The tag increments on every modification, so even if the pointer returns to A, the tag differs. This requires double-width CAS (128-bit on 64-bit systems), which most modern CPUs support.

Other solutions include hazard pointers (threads publish pointers they’re accessing) and epoch-based reclamation (defer deletion until all threads have passed a barrier).

Language-Level APIs

Every major language provides CAS primitives. Here’s an atomic counter in three languages:

// C++: std::atomic
#include <atomic>

class AtomicCounter {
    std::atomic<int64_t> value{0};
public:
    int64_t increment() {
        int64_t current = value.load(std::memory_order_relaxed);
        while (!value.compare_exchange_weak(
            current, current + 1,
            std::memory_order_relaxed
        )) {}
        return current + 1;
    }
};
// Rust: std::sync::atomic
use std::sync::atomic::{AtomicI64, Ordering};

struct AtomicCounter {
    value: AtomicI64,
}

impl AtomicCounter {
    fn increment(&self) -> i64 {
        loop {
            let current = self.value.load(Ordering::Relaxed);
            match self.value.compare_exchange_weak(
                current,
                current + 1,
                Ordering::Relaxed,
                Ordering::Relaxed,
            ) {
                Ok(_) => return current + 1,
                Err(_) => continue,
            }
        }
    }
}
// Java: java.util.concurrent.atomic
import java.util.concurrent.atomic.AtomicLong;

public class AtomicCounter {
    private final AtomicLong value = new AtomicLong(0);
    
    public long increment() {
        long current;
        do {
            current = value.get();
        } while (!value.compareAndSet(current, current + 1));
        return current + 1;
    }
}

For simple operations like increment, use the built-in fetch_add / incrementAndGet methods—they’re optimized and less error-prone than manual CAS loops.

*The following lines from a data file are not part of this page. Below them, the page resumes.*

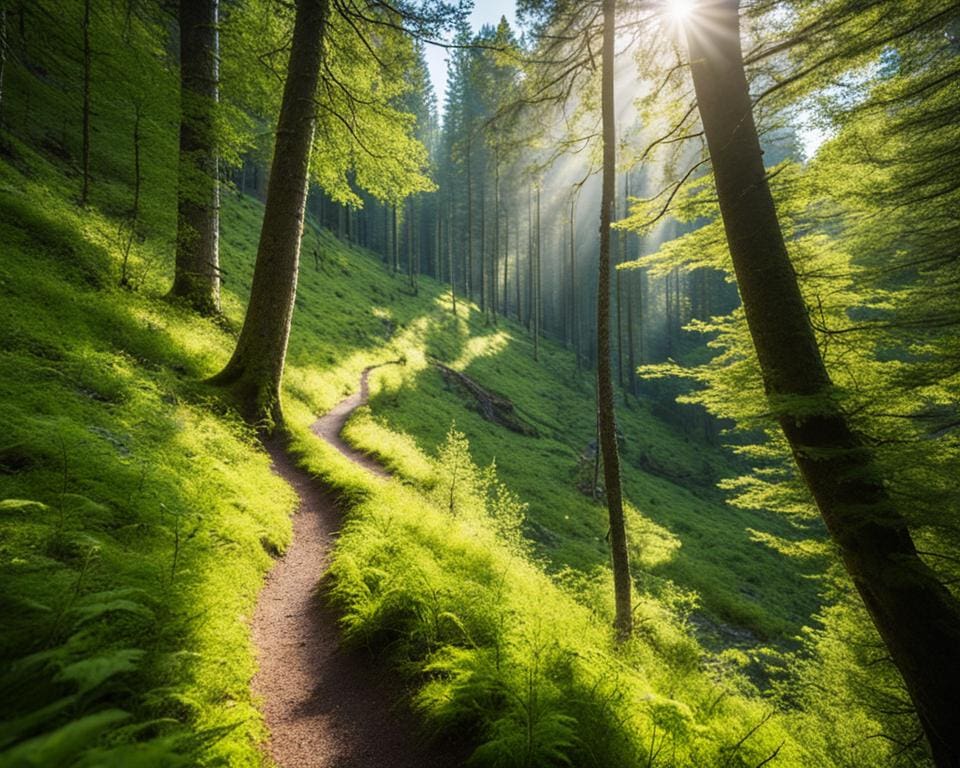 Lettlands Nationalparks, Naturschutzgebiet, Natur pur, Wandererlebnis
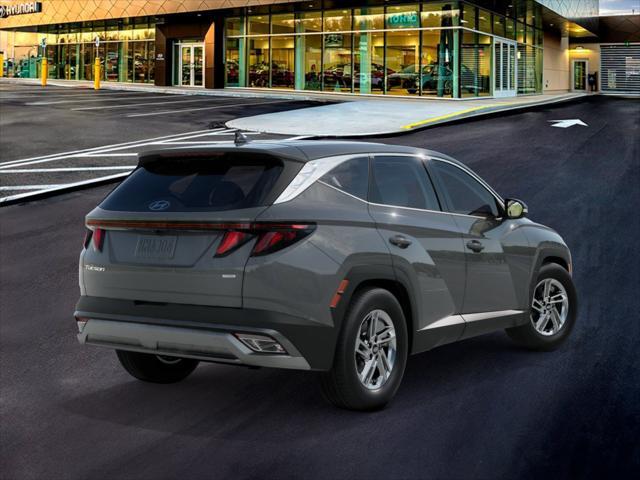 new 2025 Hyundai Tucson car, priced at $32,415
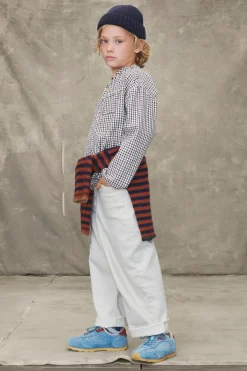 Niños ZARA 6 - 14 Años·Pantalones<PANTALÓN PESPUNTES LIMITED EDITION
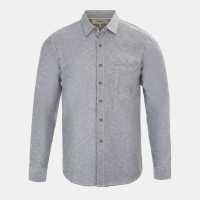 Firetrap Plain Shirt Grey Firetrap Plain Shirt Grey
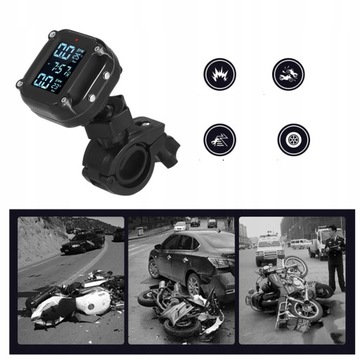 TPMS МОНИТОР ДАВЛЕНИЯ В ШИНАХ МОТОЦИКЛА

When to Use (and Avoid) CAS

Use CAS when:

  • Contention is low and operations are short
  • You need non-blocking progress guarantees
  • You’re implementing simple state machines (e.g., initialization flags)
  • Lock overhead dominates your critical section

Avoid CAS when:

  • Contention is high (spinning wastes CPU)
  • Critical sections are complex (CAS only works for single-location updates)
  • Correctness is more important than performance (locks are simpler to reason about)
  • Higher-level abstractions exist (use ConcurrentHashMap, not a hand-rolled lock-free map)

The honest advice: unless you’re writing infrastructure code or have profiler data showing lock contention, use standard synchronization primitives. Lock-free programming is notoriously difficult to get right, and the performance benefits rarely justify the complexity and bug risk.